Having thus completed a symbolic window buffer in which the vertical coordinates are relative to the top of the page, the vertical coordinates are then preferably converted into a coordinate system more convenient for use in the subsequent Image Composition process (block 176). Preferably, this new coordinate system is correlated to the electrodes on the printhead. The Symbolic Window List with the vertical coordinates so adjusted will hereinafter be referred to as the "Symbolic Image".
It has been found that in an electrode assembly having a large number of electrodes that may be used to print more than one line of characters, non-uniform erosion effects occur as current flows through the different electrodes used to print the individual dots comprising the various characters. Thus, in accordance with yet another aspect of the invention, whenever a print window list to be printed in a particular printing pass does not contain any characters that extend to the very bottom of the window, and thus it will not be necessary to use both the uppermost and lowermost electrodes on the printhead during the next printing pass, the vertical position of the printhead relative to the upper corner of the print window is varied to more evenly distribute the erosion effects. This may be advantageously accomplished as part of the conversion of the Symbolic Window List to the Symbolic Image list (block 176).
In particular, if a completed symbolic window list does not occupy the full window height, a second test is made to determine whether at least one empty character line (40 pixels) is available at the bottom of the current print window. If so, the image is shifted to the center of the print window alternately offset by a predetermined amount (e.g., 5 pixels); if the image height differs from the window height by less than one line, the image is alternately shifted to the extreme top or bottom of the window. This has been found to distribute head wear more evenly among the electrodes for the normal printing situation in which otherwise (because of double and triple spaced printing) the middle line at the center of the head receives the least usage. However, an even more randomized utilization of the different areas of the head could possibly result in even more uniform wear.

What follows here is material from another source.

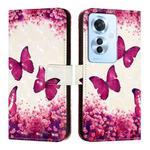 For OPPO F25 Pro 5G India 3D Painting Horizontal Flip Leather Phone Case(Rose Butterfly)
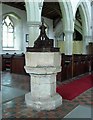 TL3337 : St Mary, Therfield, Herts - Font by John Salmon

It is to be noted that, if the electrode array on the printhead (and thus maximum print window height) is at least three times the maximum height of a standard sized character, the above-described symbolic window algorithm will accommodate characters up to three times standard size. Thus, when a triple height character having a baseline within the window is encountered, either it will already be within the existing window, or the one or both boundaries of the window can be adjusted until it does fit, or the current window is considered filled, and a new window started with the triple height character in question just below and to the right of the new window's upper left corner. However, although a triple height character is thus easily implemented, it has been found that when using the resistive ribbon thermal transfer process with a three line printhead having 120 electrodes arranged in a vertical 1/2" (13 mm) array, it is preferable that no more than 80 of the 120 electrodes should be used within close horizontal proximity of each other, in order to prevent severe weakening of the ribbon which could result in ribbon breakage as the spent ribbon is being wound onto the takeup reel. Thus, it is preferred that the maximum font size be not more than two thirds the vertical dimension from the uppermost electrode to the lowermost electrode in the array, which equates to about 24 points in typographic units and which is more than adequate for normal correspondence and desktop publishing applications. In any event, larger font sizes can easily be accommodated by including a capability to print bit-mapped graphics data composed in the host computer, as is done in conventional single line matrix printers, and using not more than two thirds or one half of the electrodes in any one pass when in graphics mode.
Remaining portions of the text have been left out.